Articles of association
Adopted at the Annual General Meeting 2024-06-17.
Articles of Association - The limited liability company Fastator (publ), org.nr. 556678-6645
§ 1. Name of the Company
The company's name is Aktiebolaget Fastator (publ).
§ 2. Seat
The registered office of the company shall be in Stockholm.
§ 3. Activity
The company's business shall be to manage real property and chattels, and carry out any other business incidental or related to the foregoing activities.
§ 4. Share capital
The share capital shall be at least SEK 14,000,000 and no more than SEK 56,000,000.
§ 5. Number of shares
The number of shares shall be at least 43,750,000 and no more than 175,000,000.
§ 6. Record retention
The shares of the company shall be registered in a Central Securities Depositary Register in accordance to the Swedish Central Securities Depositories and Financial Instruments (Accounts) Act (1998:1479}. A shareholder or an account provider that is registered in the share ledger and in a Central Securities Depositary Register on the record day in accordance to Section 4 of the Financial Accounts Act (1998:1479) or a person that is registered in a Central Securities Depository Account according to Section 4 § 18 paragraph 1 6-8 of the Swedish Central Securities Depositories and Financial Instruments (Accounts) Act (1998:1479} shall be considered authorized to exercise the rights set forth in Section 4 § 39 of the Companies Act (2005:551).
§ 7. Board
The board of directors shall consist of at least three and no more than five directors with no deputy directors. The directors are elected yearly at the annual general meeting for the period until the next annual general meeting.
§ 8. Auditors
For the purposes of auditing and reviewing the company's annual accounts and the financial statements and the administration report of the board of directors and the managing director one or two auditors with or without deputy auditor shall be appointed, or a registered audit firm.
§ 9. Financial year
The company's financial year shall be 1 January to 31 December.
§ 10. Notice
Notice of general meetings shall be made by announcement in The Official Swedish Gazette and by publishing the notice on the company's website. Announcement that the notice has been issued shall be made in Svenska Dagbladet.

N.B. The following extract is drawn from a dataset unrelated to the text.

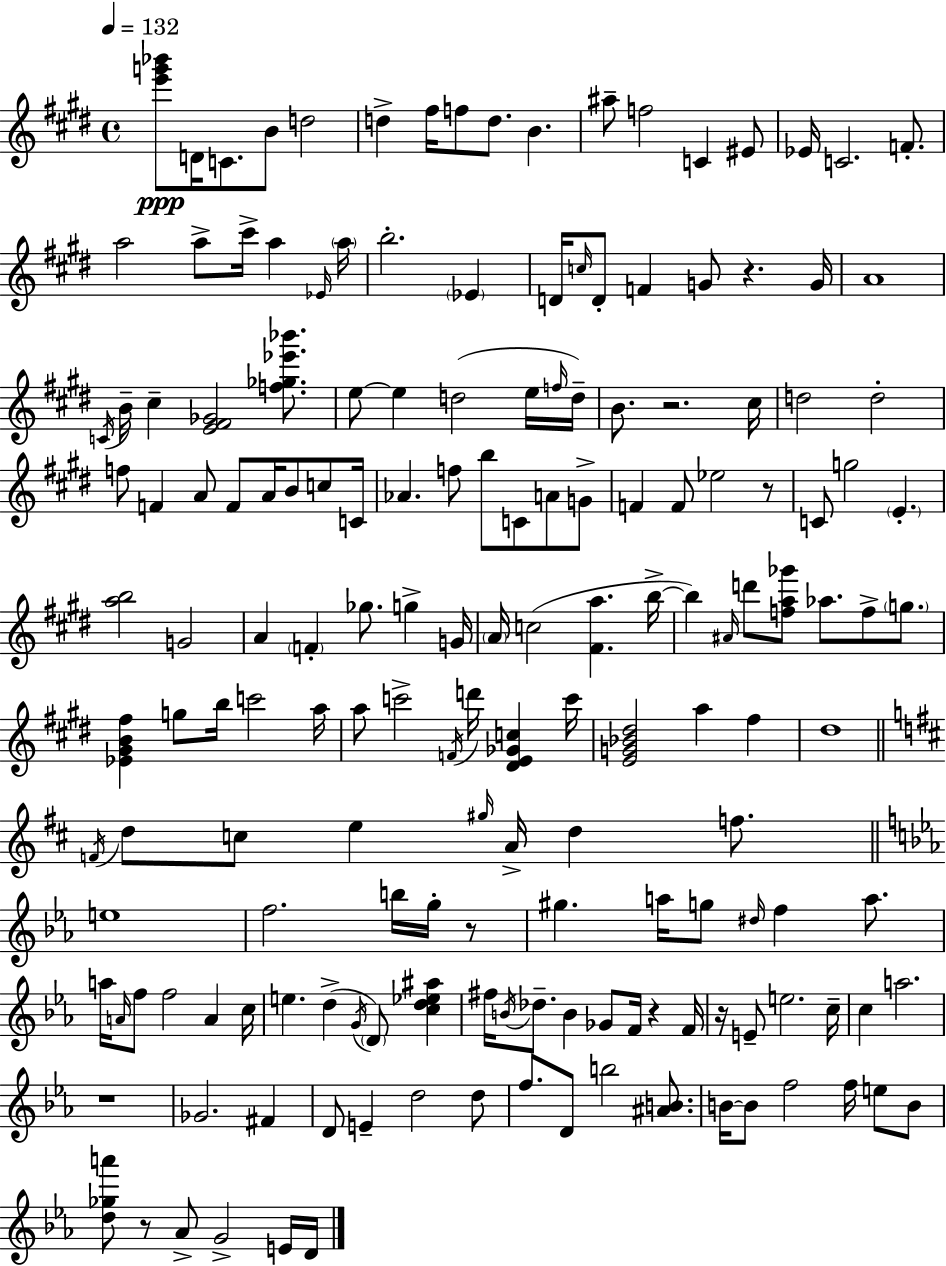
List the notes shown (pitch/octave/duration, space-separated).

[E6,G6,Bb6]/e D4/s C4/e. B4/e D5/h D5/q F#5/s F5/e D5/e. B4/q. A#5/e F5/h C4/q EIS4/e Eb4/s C4/h. F4/e. A5/h A5/e C#6/s A5/q Eb4/s A5/s B5/h. Eb4/q D4/s C5/s D4/e F4/q G4/e R/q. G4/s A4/w C4/s B4/s C#5/q [E4,F#4,Gb4]/h [F5,Gb5,Eb6,Bb6]/e. E5/e E5/q D5/h E5/s F5/s D5/s B4/e. R/h. C#5/s D5/h D5/h F5/e F4/q A4/e F4/e A4/s B4/e C5/e C4/s Ab4/q. F5/e B5/e C4/e A4/e G4/e F4/q F4/e Eb5/h R/e C4/e G5/h E4/q. [A5,B5]/h G4/h A4/q F4/q Gb5/e. G5/q G4/s A4/s C5/h [F#4,A5]/q. B5/s B5/q A#4/s D6/e [F5,A5,Gb6]/e Ab5/e. F5/e G5/e. [Eb4,G#4,B4,F#5]/q G5/e B5/s C6/h A5/s A5/e C6/h F4/s D6/s [D#4,E4,Gb4,C5]/q C6/s [E4,G4,Bb4,D#5]/h A5/q F#5/q D#5/w F4/s D5/e C5/e E5/q G#5/s A4/s D5/q F5/e. E5/w F5/h. B5/s G5/s R/e G#5/q. A5/s G5/e D#5/s F5/q A5/e. A5/s A4/s F5/e F5/h A4/q C5/s E5/q. D5/q G4/s D4/e [C5,D5,Eb5,A#5]/q F#5/s B4/s Db5/e. B4/q Gb4/e F4/s R/q F4/s R/s E4/e E5/h. C5/s C5/q A5/h. R/w Gb4/h. F#4/q D4/e E4/q D5/h D5/e F5/e. D4/e B5/h [A#4,B4]/e. B4/s B4/e F5/h F5/s E5/e B4/e [D5,Gb5,A6]/e R/e Ab4/e G4/h E4/s D4/s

Notice of annual general meeting and extra general meeting at which the issue of amendment of the articles of association is made, shall be issued not earlier than six weeks and no later than four weeks prior to the meeting. Notice to attend other extra general meetings shall be issued not earlier than six weeks and no later than three weeks prior to the meeting.
A shareholder that wishes to participate in a general meeting must notify the company of his/her intention to attend the meeting no later than at 12:00 p.m. on the date stated in the notice of the meeting. Such a date may not be a Sunday, other public holiday, Saturday, Midsummer Eve, Christmas Eve or New Year's Eve and may not occur earlier than the fifth weekday prior to the general meeting.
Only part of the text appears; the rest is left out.